# Converted Space marine Chaplain (PICS)



## lav25gunner (Dec 13, 2008)

Here's a simple, fast and nice conversion for the SM players out there. Chances are that if you bought a AoBR set, you probably have more than one Captain. This is a simple convertion to give your army a new Chaplain for free, instead of buying one. Simply chop of head and drill out the neck. Replace with skull looking helmet. (I suggest trading with a chaos player.) Chop off sword blade, and replace with pretty much anything roundish. Here I used the top part of an ork Choppa with the blade part cut off. Then just glue on a banner top or other iconography.

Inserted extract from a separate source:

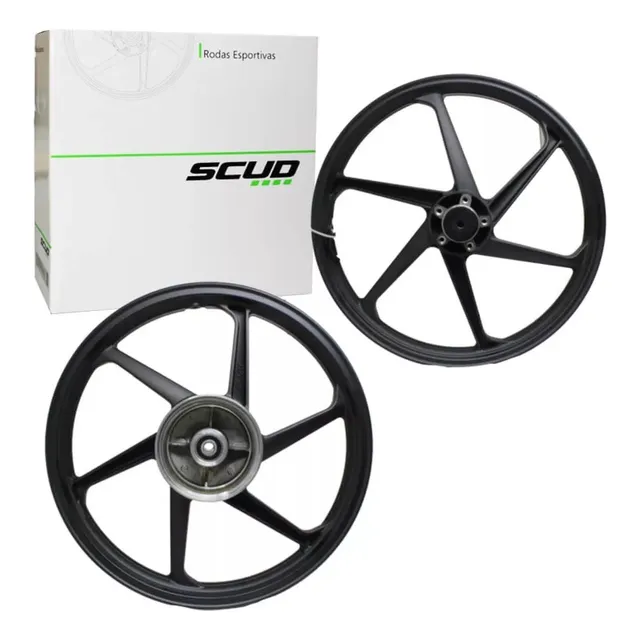 Jogo Par Roda Liga Leve Fan 125 Freio Disco 2010 Preta Scud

I made this one for one of the little kids at my local GW, so it doesn't have the amount of detail my army does. This is about giving you an idea of what to do with your extra captain, not about the paint job. I posted pics of my true chaplain here.... *Knights of Terra*


----------



## Arkhand (May 13, 2008)

thats a pretty good idea, always good to make the best use of models


----------



## Shadow Hawk (Apr 26, 2009)

Good idea, but it looks better with a skeleton mask on. just my opinion.


----------



## Pherion (Dec 18, 2008)

Looks really good man. The conversion looks wonderfull. Some of your colors could use some highlighting, particularly the red and green.


----------



## Imperial Dragon (Dec 22, 2007)

The model does look very good as a chappy, great thinking for this one *thumbs up*


----------



## humakt (Jan 2, 2008)

I like the idea for making this figure. Nice a simple and effect, which is always a good idea with conversions.


----------